I have not flown my birds internationally, but I have flown them from the mainland USA to Hawaii, and I have recently been reading about the process ofm someone one who flew her green cheeked conure to the UK from Canada. She made it happen, it cost her around $2,500 if I remember right, and the paperwork only came through at the last second, so it can most likely be done but NOW is the time to get in touch with the department of agriculture and start talking about import/export regulations. Keep in mind even if you manage to get your bird OUT of the US, you may not be able to get back in due to the import ban enacted in 1992. I believe it is possible in some cases but proof of captive hatch, such as a closed band and hatch certificate would be required. Lots of laws in play here, so I highly suggest getting on the phone with the agencies involved. I got intimately acquainted with the Hawaii department of agriculture, I can tell you that!

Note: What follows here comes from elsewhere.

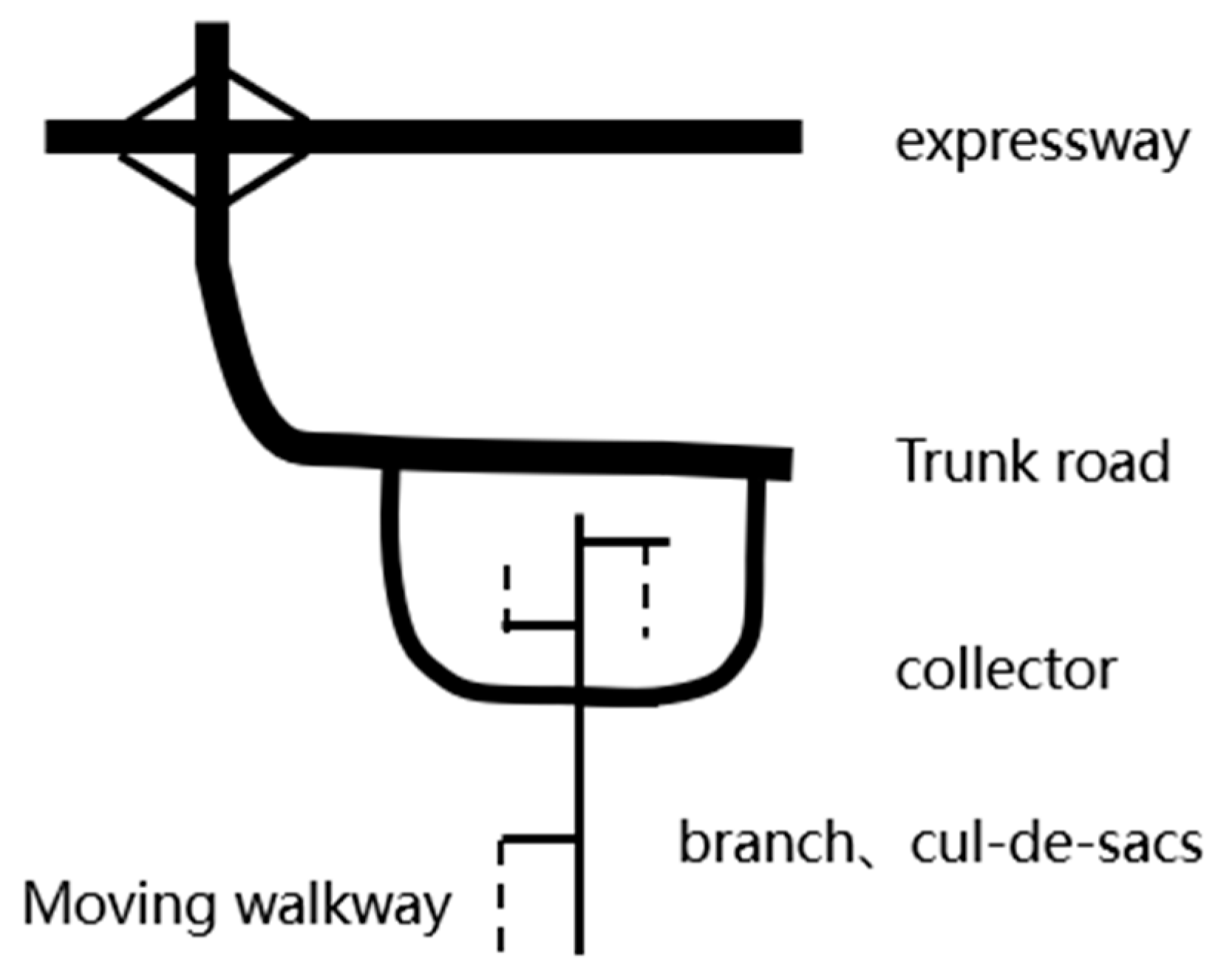 Sustainability 12 00628 g003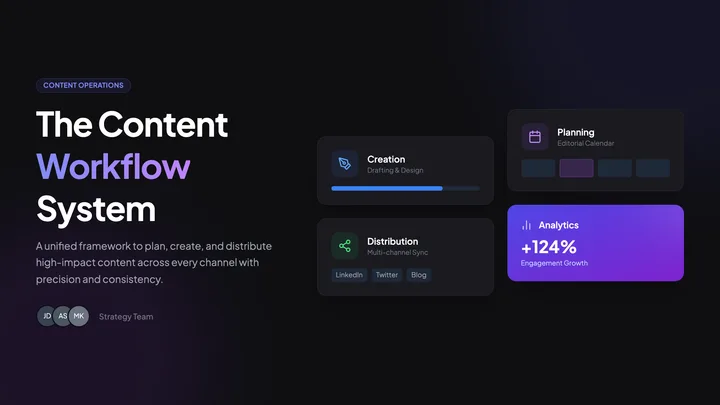 Content Workflow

Now as far as safety goes. Many parrots, including cockatiels, breed in holes in trees and are not unduly stressed by confinement in close spaces. Be sure to read the reviews of the airline you plan to use and make sure they have a good record with pets. Also find out their rules for pet transport, such as the size and exact type of the carrier, what the screws can and cannot be made of, how many animals can be on each flight, how to make sure YOUR pet is at the top of that list, etc. I flew delta, and they do not allow pets to share a kennel unless they are babies and litter mates, so I put multiple carriers inside a large dog carrier, and zip-tied them into place through holes I had drilled. That way I had only two carriers as "checked bags" but all my pets met the requirements of having separate enclosures, but near their flock mates. 

None of the birds I transported were cockatiels, and you will need to figure out what your bird likes and doesn't like, but I will tell you what I did. Because the "food and water dishes" provided with the kennels and required to be attached to the door were a joke, I placed them on the door and ignored them. I also put large signes on all sides of the carriers that they were NOT to be opened, and I zip-tied the doors shut! First of all, opening them would have required opening the mosquito netting and would have broken thier quarantine and gotten them sent back, and also they are birds, and even if it was just one bird in one carrier and not a compicated multi carrier system, I wouldn't want people opening it and letting them out, even if honey weren't fully flighted. 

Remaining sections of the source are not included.